REVIEW

Raya and the Last Dragon: a film fit for a Disney princess

Raya and the Last Dragon PG. 114 minutes. 4 stars.

Joining the long line of Disney princesses that began with Snow White in 1937 and includes Cinderella, Belle, Jasmine and most recently Moana, we now welcome the action heroine Raya.

Early in the life of his company, Walt Disney had a hit list of classic children's stories he hoped to turn into animated films, and having ticked them off, many years ago, Disney's company has been developing original stories. 2016's Moana explored Polynesian mythology, and with this newest film they harvest ideas from South East Asian culture.

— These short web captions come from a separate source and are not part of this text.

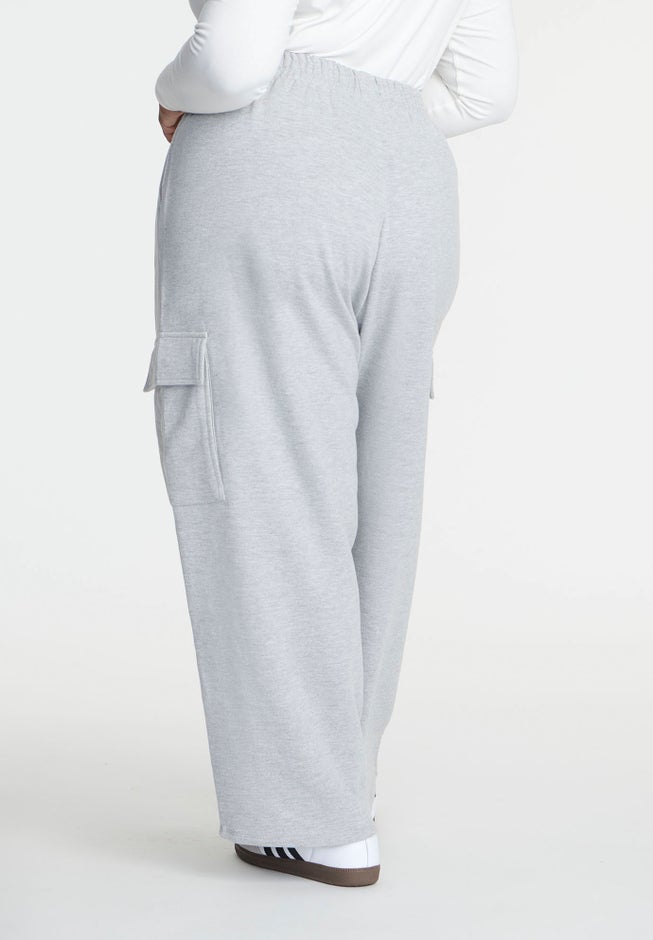Knit Cargo Sweatpant image number null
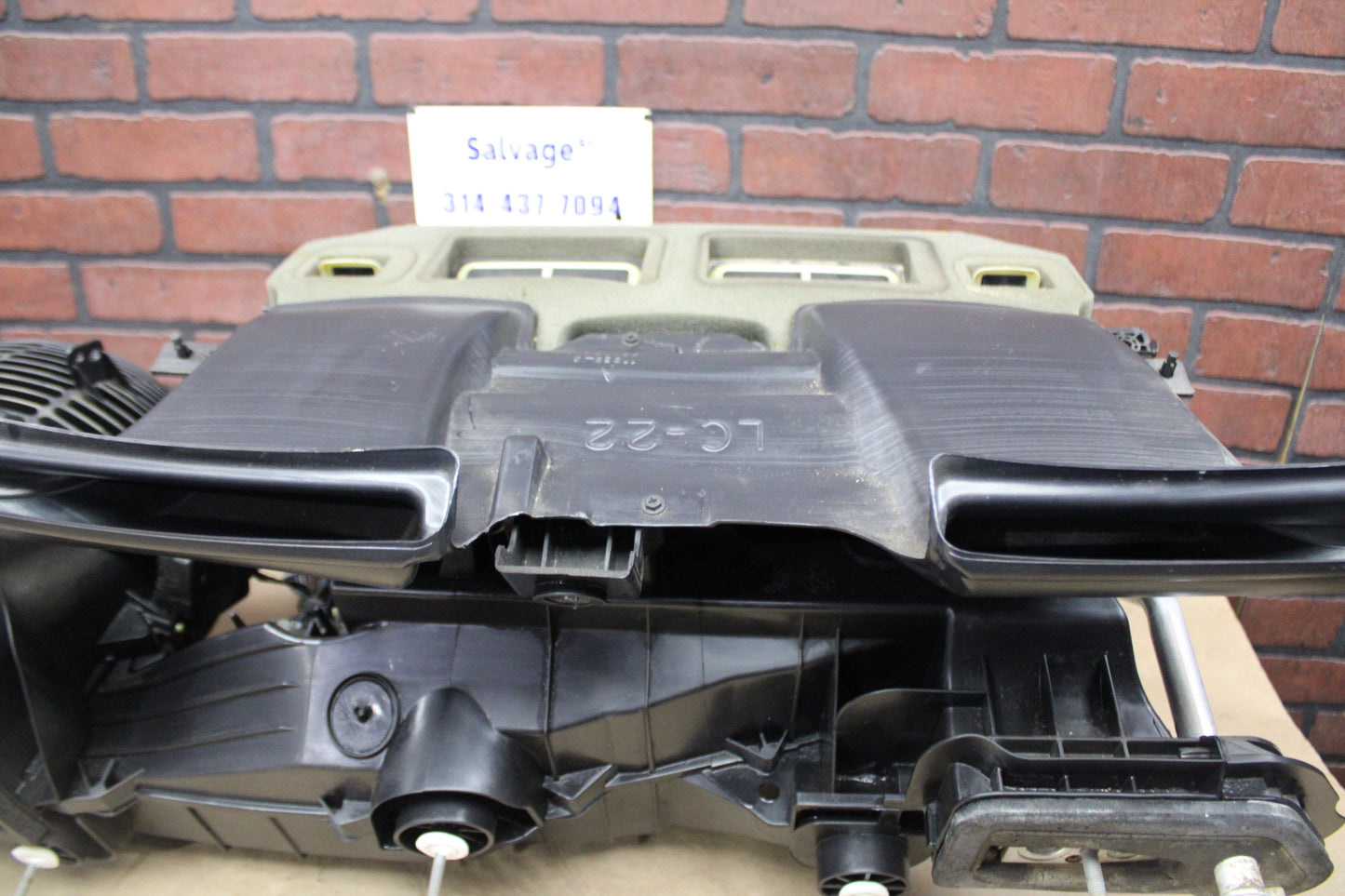 2011-2013 Dodge Challenger SRT8 HVAC Distribution Blower Heater Core Housing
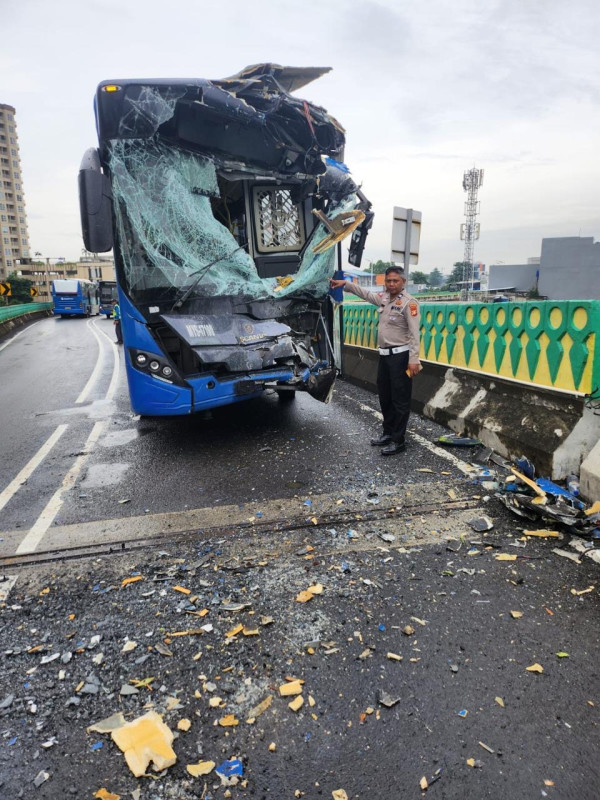 Kronologi Kecelakaan Adu Banteng Transjakarta di Jalur Langit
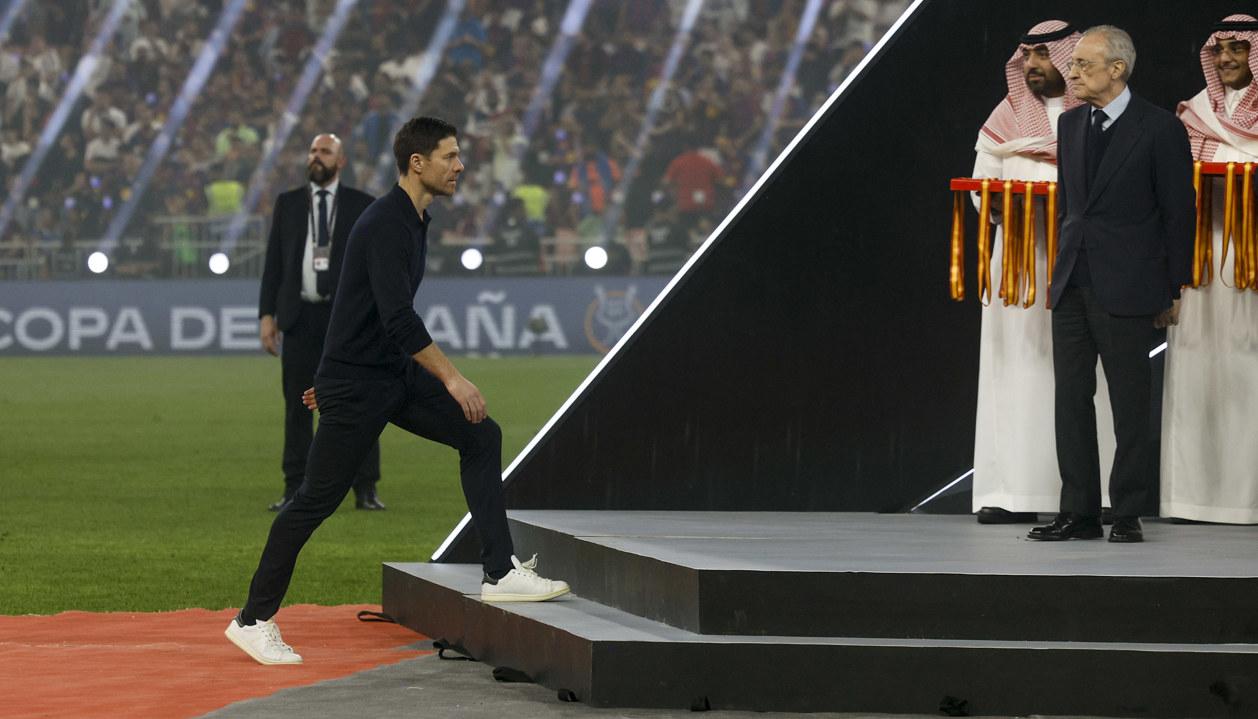 Xabi Alonso y el presidente del Real Madrid, Florentino Pérez.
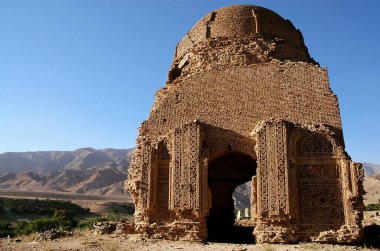 Chisht-e-Sharif, Herat Eyaleti, Afganistan. Afganistan 'ın batısındaki Chisht e Sharif' teki (veya Chist e Sharif) Ghorid döneminden kalma iki tuğla kubbeden biri. Antik anıtın geometrik tasarımları var..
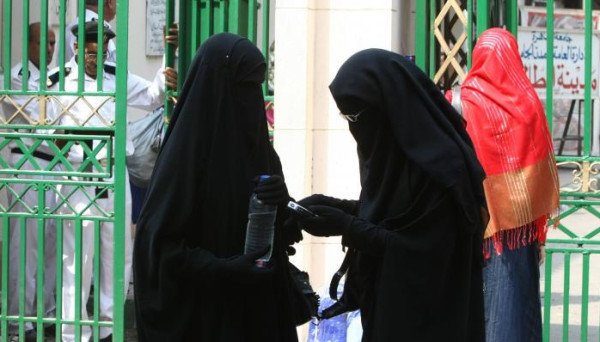 مصر: حظر النقاب داخل المدارس.. والحجاب اختياري مصر: حظر النقاب داخل المدارس.. والحجاب اختياري
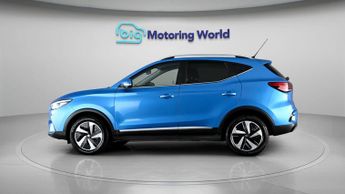 MG MG ZS TROPHY CONNECT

In the land of Kumandra, humans and dragons once lived alongside each other. The arrival of a race of monsters called the Druun ended this harmony, turning dragons and men alike into stone and separating the once-unified lands into five separate countries Heart, Fang, Tail, Talon and Spine - mistrustful of each other.

Daughter of Chief Benja (voiced by Daniel Dae Kim), leader of the nation of Heart, is his princess daughter Raya (Kelly Marie Tran). Raya is learning the fighting skills necessary to protect the dragon stone their family has sworn to defend. The stone contains the essence of Sisu, the last of the dragons who sacrificed itself 500 years earlier to kill the Druun.

Chief Benja tries to impart his dream of reuniting the five lands to his daughter when the dragon stone of broken and the ancient Druun is once again released.

Raya, voiced by Kelly Marie Tran and the legendary dragon Sisu, voiced by Awkwafina. Picture: Disney

Raya, voiced by Kelly Marie Tran and the legendary dragon Sisu, voiced by Awkwafina. Picture: Disney

Years later, an older Raya travels the five lands searching for the pieces of dragon stone and hoping that the last dragon could return to reunite the land.

The screenplay for Raya and the Last Dragon acknowledges two writers and a small army of 'story by' credits. Disney pulled together a team including historians of South East Asian history to compile a story honouring the lands now known as Laos, Cambodia, Myanmar, Thailand, Malaysia and Indonesia. This geology-geek film critic was most excited that the fantasy land of Kumandra invented for the film and split apart by Duun-made climate change actually mirrors how the region would have looked during the last ice age. I also loved that the quirky critter support characters always present in Disney films are inspired by the region's long-extinct megafauna.

The screenplay is a road movie and caper heist with a handful of important messages, and Raya is the kind of resourceful and independent woman we all want our little princesses to grow up into.

The cast of voice actors are a who's-who of Hollywood's notable Asian performers, and most notable of them is Awkwafina, the gravel-voiced dynamo who the world fell in love with in Crazy Rich Asians.

In what is tonally quite a dark film, Awkwafina's voice work and her character Sisu's dialogue provided necessary light relief. Sisu is a bright blue fur-ball of gorgeousness and destined to be the hot children's toy for the coming year.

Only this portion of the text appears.